A Comparison of Baseline Procedures in Task Analyses.
Let kids try each task-analysis step several times before teaching; you will see what they truly know and save teaching time.
01Research in Context
What this study did
Grauerholz-Fisher et al. (2023) compared two ways to measure what a child can already do before teaching starts.
One way lets the child try each step only once. The other way lets the child try each step many times.
They used an alternating-treatments design with kids on the spectrum to see which probe showed truer baselines.
What they found
Most children scored higher when they got several chances per step.
Some kids even showed they could already do parts of the task before any teaching began.
Single-opportunity probes hid those skills and made kids look less able than they were.
How this fits with other research
Scheithauer et al. (2020) also asked, Does my baseline choice matter? They found that re-using functional-analysis data saved time without hurting treatment plans. Emma’s team adds a new rule: within task analyses, more chances equal clearer pictures.
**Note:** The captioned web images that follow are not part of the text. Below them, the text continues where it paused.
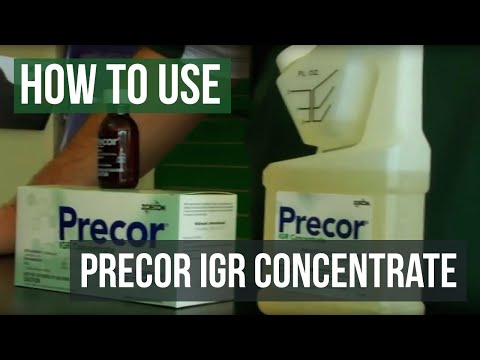 How to use Precor IGR Insect Growth Regulator Flea Spray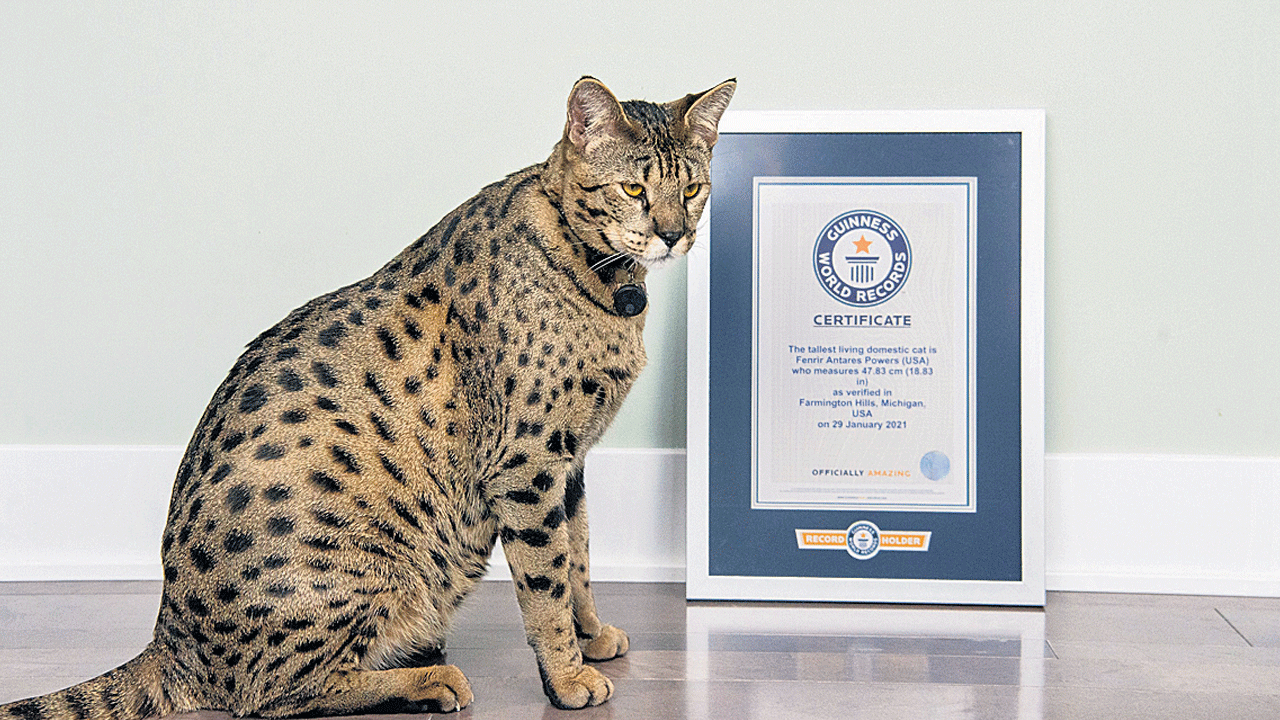 ‘గిన్నెస్‌’ పిల్లి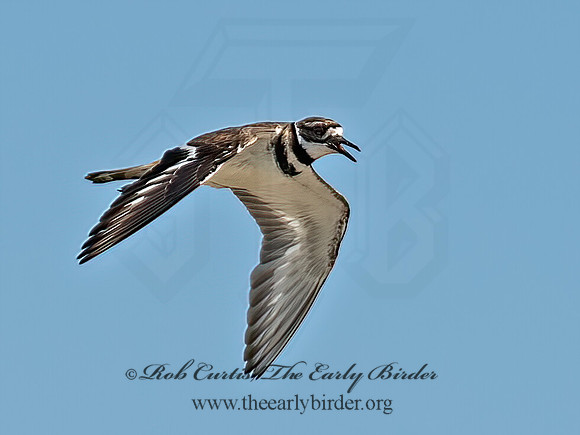 Charadrius vociferous  KILLDEER 9066278z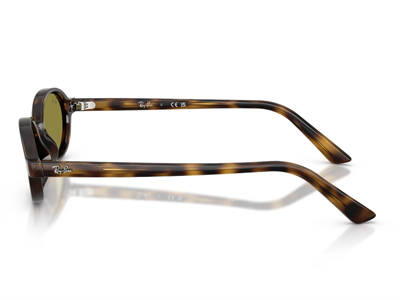 RAY-BAN 4472-48 1359/2 Güneş Gözlüğü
Cerasuolo et al. (2022) warned that higher baseline skill does not always predict better ABA outcomes. That warning feels like a contradiction, but it is not. Emma shows we must first measure the true baseline; Cerasuolo reminds us that many other child variables still shape final success.
Knutson et al. (2019) used the same alternating-treatments design to test task interspersal ratios. Both studies keep the child constant and only tweak the arrangement of trials, proving that small procedural details change learning speed.
Why it matters
If you start with a low picture of the child’s skills, you may place them in easier programs than they need. Switch to multiple-opportunity probes during your next task analysis. You will write goals that match real skill levels, avoid re-teaching known steps, and speed up mastery.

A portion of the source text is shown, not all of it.